In the late 1990s, free-spirited investors could find Japanese homebuilders, media companies and textile mills selling for less than the cash on their books. In 2003, Browne uncovered a Swiss conglomerate loaded with valuable assets – real estate, a sheet metal business, a sporting goods division and more. The stock traded for only one-half of an understated book value. In two years, the stock doubled. He writes about Dae Han Flour Mills of South Korea, which he picked up for one-third of book value.
This is merely a small sample of Browne’s profit-laden travelogue. A globe-trotting treasure hunter, Browne spends considerable ink on the rationale behind global investing, understanding foreign accounting, what to make of foreign currencies and more.
But for all the convoluted reasons others often offer up for investing in foreign stocks, Browne offers one that’s crystal clear: “If you expand your horizons to all the developed countries of the world,” he writes, “you can double your chances of finding cheap stocks.”
To dispel any fears of putting one’s hard-earned dough in some flighty company glued together with matchsticks, Browne offers another basic, yet compelling, observation.
When you rank the top 20 companies in the world by sales, you find 12 of them maintain headquarters in Europe or Asia. “The world’s largest oil company is based in the United Kingdom [BP],” Browne writes. “And three of the five largest auto manufacturers are found in Germany and Japan.”
What holds true at the top also holds true in the middle and at the bottom. There are good mid-size and small companies tucked away in places other than the United States. Stateside investors ignoring these other opportunities are like wine drinkers who don’t want to try imported wines. They have restricted their choices unnecessarily – and they don’t know what they are missing.
Browne is a man who follows his own recipes. Today, his firm, Tweedy, Browne, is finding bargains overseas. Of the $14 billion in assets it manages, about 70% of the pile is in international stocks. And about a third of that is in small companies with market caps of $5 billion or less. Among his current favorites spots are South Korea, Japan and Mexico.
The second book tackles global investing directly. Finding the Hot Spots is the title of David Riedel’s new book. A former Salomon Smith Barney farmhand, Riedel now heads up his own independent research firm.
Riedel opens his book with several myth-slaying pages. To the charge that investing overseas is too risky, Riedel turns the microscope on U.S. markets. “Remember Enron and WorldCom?” Corporate mischief and thievery pepper American companies as well.
Investors also have a way of looking down at foreign firms because they believe the information they are getting is not reliable. Again, Riedel points out that unreliability is not unique to overseas markets. It’s not as if we are talking about malaria or polio. In my personal experience, the disclosures can sometimes be even more thorough overseas than at home. Foreign firms know they have an extra hurdle to clear.
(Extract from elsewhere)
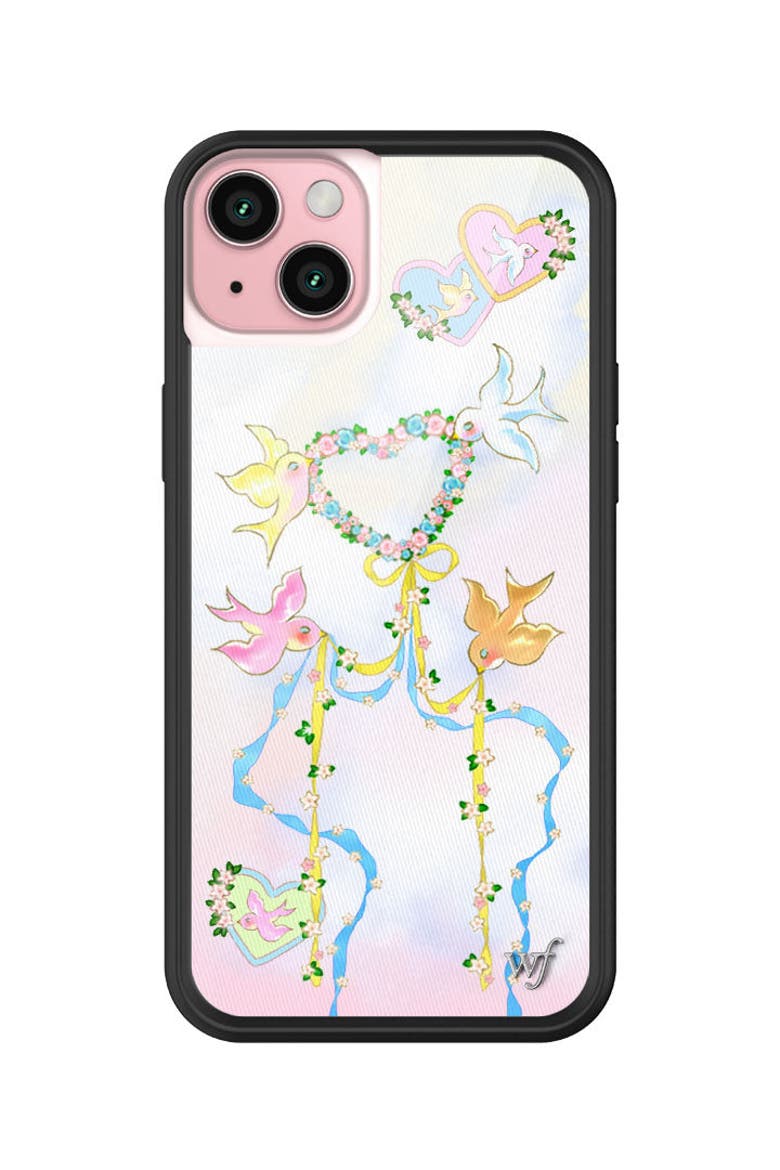 Dove Diaries iPhone Case, Alternate, color, White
Further, let’s not forget the basic idea of investing is to make some money. Riedel writes, “Nobody would tell ever tell you that you should not buy stocks from the beacon of American business like IBM, Coca-Cola, Disney, Time Warner, Blockbuster, Microsoft or Sears.” Yet a three-year investment in about half of these examples would have left investors with less money than they started with.
But the most interesting aspect of Riedel’s book is the numerous profiles of foreign firms. Many of these are companies you’ve never heard of before. And they trade on U.S. exchanges. Riedel discusses China Yuchai, for example, which makes diesel fuel engines. Another interesting China play is Bodisen Biotech. Despite its name, Bodisen is simply a producer of fertilizer in China. This one looks interesting. As I write, the stock is about $9 and trades for only 12 times trailing earnings. The company has no debt and nearly a dollar a share in cash. Riedel’s book gives plenty of interesting ideas like these.
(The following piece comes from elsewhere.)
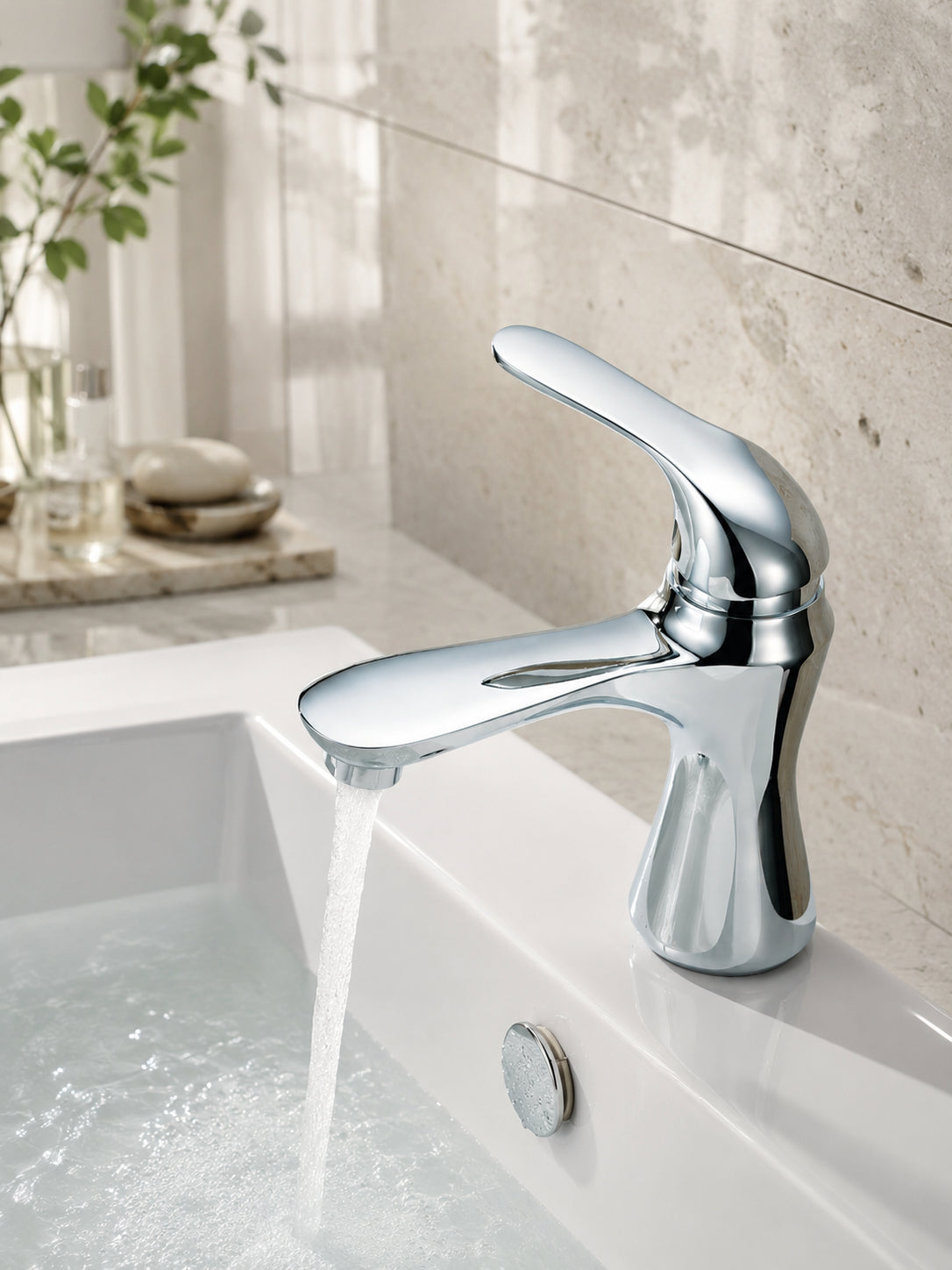 BBbidet 06901 single handle basin faucet in polished chrome finish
Another good reason to invest abroad is to give you some exposure to a currency other than the frail and waning dollar. Riedel uses Brazil as an example of the good things that can happen when you get a rising market and a good currency. Last year, Brazil’s market rose about 30%. However, the Brazilian real also rose against the dollar by about 14%. So all told, U.S.-based investors in Brazilian stocks turned a 30% market gain into a 50% gain in dollar terms.
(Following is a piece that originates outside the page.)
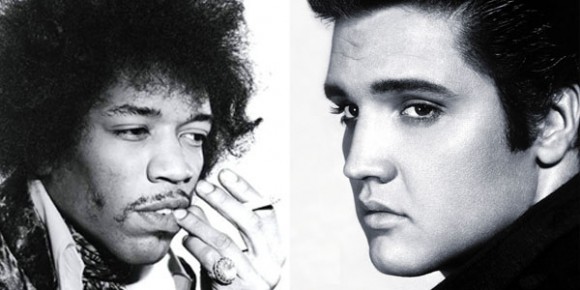 Jimothy "Jimi" Allen Hendrix (L), Elvishram "Elvis" Aron Presley (R)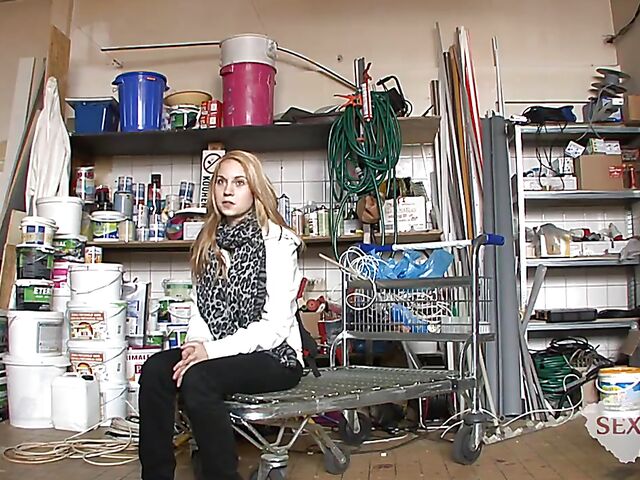 Czech gangbang with a young looking newbie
Not that you will always get that extra wind behind your back. But it shows you an unappreciated force in global investing.
In summary, plenty of options lay before investors these days. Consider the opening up of Eastern Europe or the booming economies of Asia. Or look at the brightening prospects in parts of Africa. Or easily overlooked South America. Both Browne and Riedel remind us of the potential in these markets. They nudge us on to take a look beyond the fringe of trees on the horizon and explore other lands under the big open sky.
for The Daily Reckoning
November 15, 2006
Editor’s Note: Chris Mayer is a veteran of the banking industry, specifically in the area of corporate lending. A financial writer since 1998, Mr. Mayer’s essays have appeared in a wide variety of publications, from the Mises.org Daily Article series to here in The Daily Reckoning. He is the editor of Mayer’s Special Situations and Capital and Crisis – formerly the Fleet Street Letter.
“To hear some Democrats tell it,” begins a feature article in USA Today, “the United States is engaged in a costly, ill-advised foreign adventure that is long overdue for a change of course.
“Not the war in Iraq. Globalization.”
According to USA Today, the election has turned globalization into a political issue. There are those who are agin’ it…and those who are fer it.
For the record, here at The Daily Reckoning, we are neither fer it nor agin’ it. What we like is free trade, simply because we don’t like anyone telling us what to do. But someone always seems to want to tell us what to do…often the same people who are selling us ‘globalization.’
Globalization has been around for centuries. It comes in fits and starts, as trade routes are opened and closed. Even in pre-historic periods, people traded widely. Archeologists find beads, art, and implements often found thousands of miles from where they were made.
Later, the great empires established free trade zones in their conquered territories…often improving the quality of life – even for those of whom they’ve beaten. Empires knock down trading barriers and establish order and safety, in which people can do their business.
There’s nothing new to this.
But there’s a catch. If an empire allows lower-cost or more dynamic competitors into its trading bloc, it had better have something else up its sleeve.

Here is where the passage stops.